Determine the radius of convergence of the following series $$C_n = (-1)^n\dfrac{m(m - 1)\cdots(m - n + 1)}{n!n!}C_0$$
I came to the conclusion that we can write $$C_{n+1} = C_n\dfrac{n - m}{(n+1)^2}$$ and then from the radius of convergence formula, we know that $$\displaystyle\lim_{n\to\infty}\left|\dfrac{C_{n + 1}}{C_n}\right| < 1$$ From here onwards, I don't know how to continue.
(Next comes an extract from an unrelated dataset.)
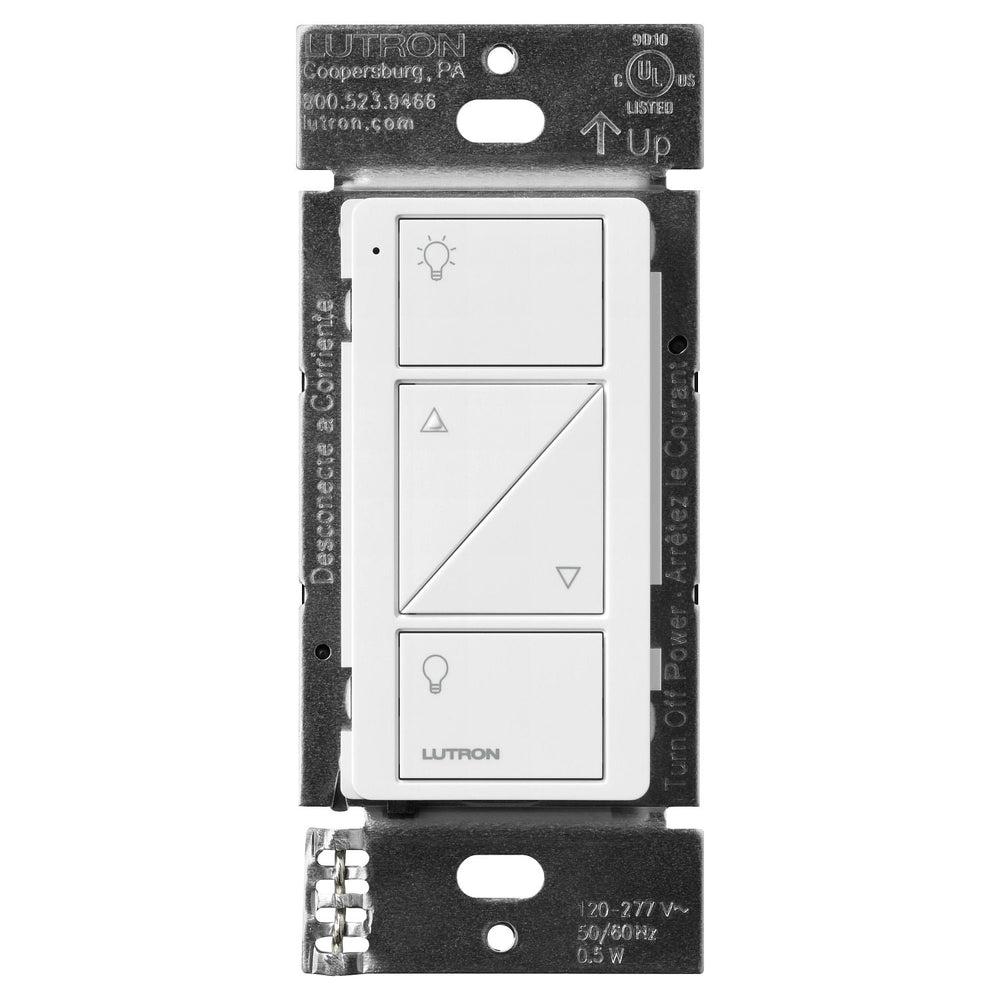Lutron 2-Button with Raise/Lower, Pico Line-Powered Wireless Control, 120-277V Line Voltage, with Light Icons, PJL-2BRL-GWH-L01, White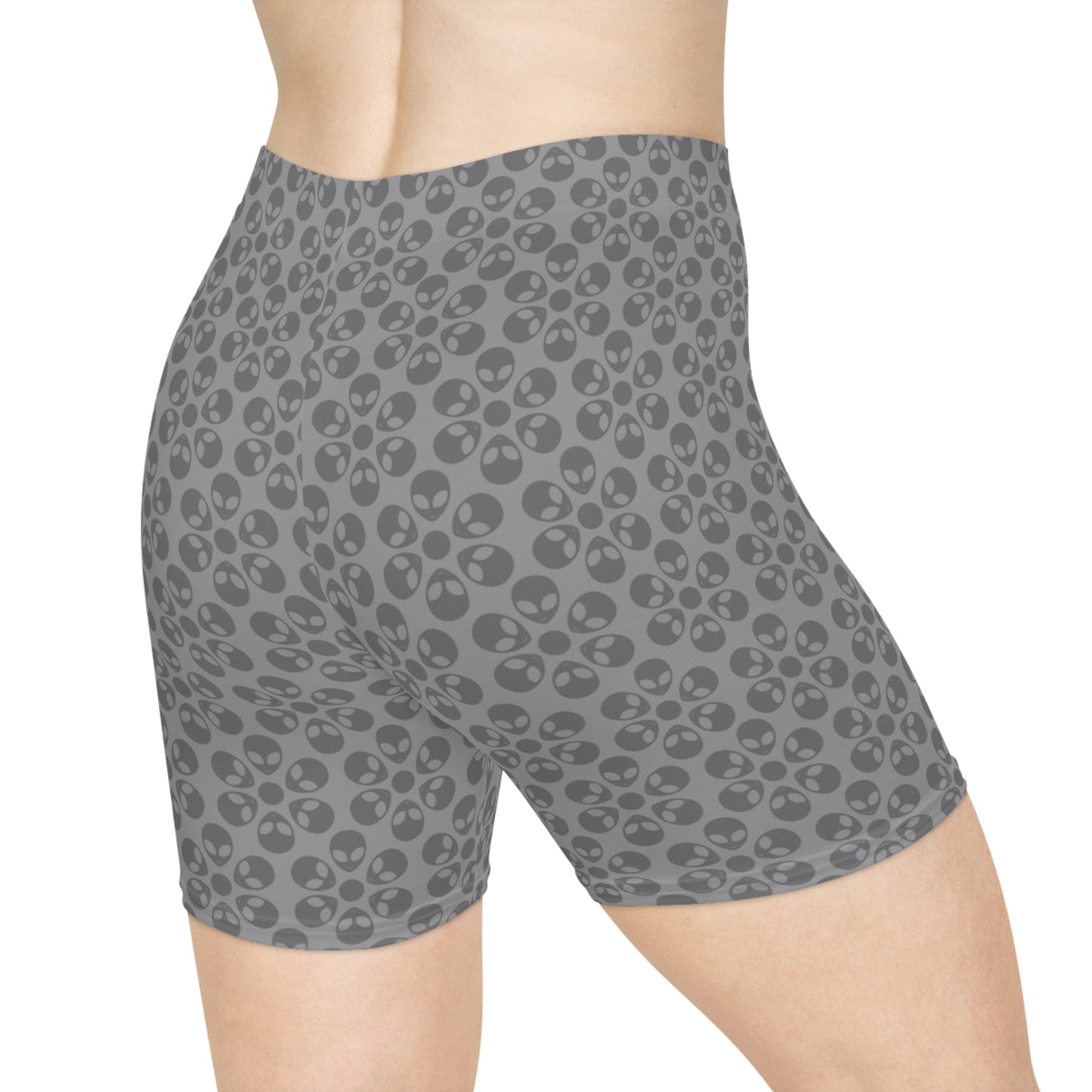 Womens Alien Pattern Biker Shorts Trendy Activewear Casual Cycling Shorts Festival Outfit Summer Essentials Alien Flowers Grey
Any help would be appreciated.
Hint:
As you stated, you can use the Ratio Test: $$\left|\frac{C_{n+1}}{C_n}\right|=\left|\frac{{m \choose n+1}\cdot\frac{1}{(n+1)!}}{{m \choose n}\cdot\frac{1}{n!}}\right|=\left|\frac{m-n}{n+1}\cdot\frac1{n+1}\right|=\left|\frac{m-n}{(n+1)^2}\right|\to0, \quad n\to\infty.$$
In the comments you added that the series is $\sum c_k x^k$, therefore to find the radius of convergence just compute the limit $$\lim_{n\to\infty}\left|\frac{C_{n+1}\cdot x^{n+1}}{C_n\cdot x^{n}}\right|$$ using the hint above. Note that if the value of the limit above is $0$, then your radius of convergence is $\infty$.